Three years of history on a technology that updates weekly. The AI in respondents’ hands in summer 2025 is not the AI on the market in spring 2026. The thesis survives this only because the seven capabilities are not AI-specific. They were predicting delivery performance before AI existed. The capabilities are durable even if the tools aren’t.

Observational, not experimental. DORA cannot prove that adding the capabilities causes the positive AI outcome. What the research can tell you: across roughly ten thousand respondents over three years, these seven capabilities correlate with positive AI outcomes, and their absence correlates with neutral or negative ones. What it cannot tell you: that adding the capabilities will make AI work for your team. The strongest observational read on a fast-moving question is not a guarantee. It is, however, far better than the alternatives currently on offer.


What this means in practice

If you’re an IC

Use AI to close items already open, not to open new ones. The vacuum hypothesis is the failure mode the IC can refuse on Monday. AI saves you an hour; close an in-flight item with that hour. Don’t pull a new ticket.

Smaller commits. AI assistance increased PR sizes substantially across 2024 and 2025, and larger changesets are inherently riskier. Resist. Frequent commits, fluent rollback. The practitioner-level constraints are in The Iron Laws of Agentic Coding.

Treat AI output as draft, not done. This is not an insult to the tool; it’s a recognition that code review is the bottleneck AI exposed. The Slop Code Taxonomy names what unreviewed AI output looks like once it’s in production.

If you’re a team lead

Instrument batch size before you instrument AI usage. Track PR size, lead time, deployment frequency. If you can see batches grow with AI adoption, you have the lever. AI usage as a metric is a proxy for the wrong thing.

Establish the AI policy. Two paragraphs, written down, every team member can recite. Clarity matters more than content. The 2025 finding is unambiguous on that.

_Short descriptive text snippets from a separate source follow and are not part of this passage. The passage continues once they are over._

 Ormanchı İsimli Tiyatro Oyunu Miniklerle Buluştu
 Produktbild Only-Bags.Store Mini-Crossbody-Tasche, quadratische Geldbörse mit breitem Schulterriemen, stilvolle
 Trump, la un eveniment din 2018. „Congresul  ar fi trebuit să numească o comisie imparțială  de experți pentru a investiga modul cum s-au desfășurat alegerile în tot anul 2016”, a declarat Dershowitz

Defend code review capacity. AI adoption increased code review time substantially across 2024 and 2025. Adding AI tools without adding review capacity creates the exact bottleneck the vacuum hypothesis describes.

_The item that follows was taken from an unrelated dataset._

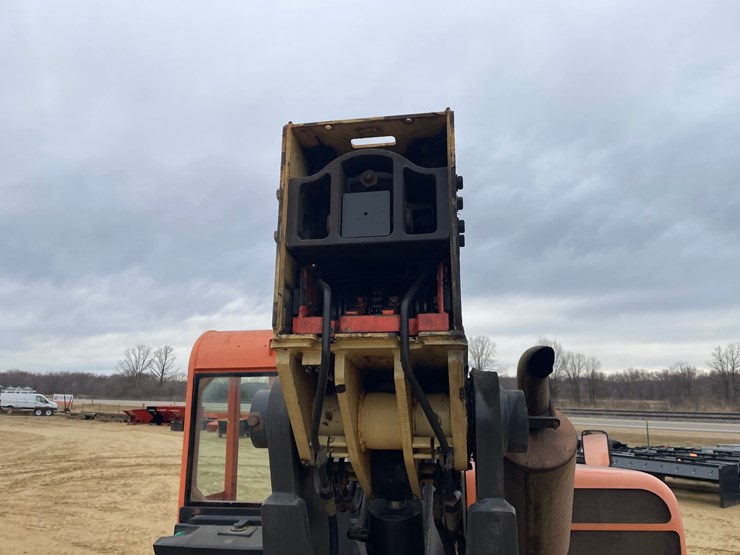 2012-jlg-g6-42a-image-22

If you’re a VP or director

Do not let an AI rollout be your platform-quality strategy. Low-quality platforms neutralize AI’s organizational benefits. Fix the platform first or fix it in parallel. Don’t expect AI to compensate.

Underwrite user-centricity explicitly. The single capability that determines whether AI helps or harms team performance. If teams don’t have a clear user-feedback loop, AI accelerates their existing direction, and without user focus, that direction is wrong.

Pair delivery metrics with value metrics. DORA’s 2022 finding remains in force: delivery alone doesn’t predict organizational success. AI exposes the gap fastest, because AI accelerates whatever the team is already producing, including features that no one wanted.

The next spoke in this series asks the question the small-batches capability raises every time it lands in a regulated organization: should I kill my change approval board? The data has an answer. It earns its own piece.


The thesis, restated

AI is a force multiplier. Force is indifferent to the result. The tool is the force; the surrounding system is the direction.

Three years, roughly ten thousand respondents, two methodological iterations, one consistent finding: AI’s effect tracks the surrounding system. Same tool, opposite outcomes, every time. A team with strong delivery practices, healthy culture, a quality platform, and a real user-feedback loop sees AI accelerate good outcomes. A team without those things sees AI accelerate bad ones.

The doom takes were wrong as of 2025. The hype takes were wrong from the start. Pride didn’t collapse, meaning didn’t erode, throughput recovered, and the seven capabilities the 2025 report named were predicting delivery performance before any of these tools existed. Hold the framing lightly: three years of history on a technology that updates weekly is what the research can offer. The tools will keep changing. The seven capabilities won’t.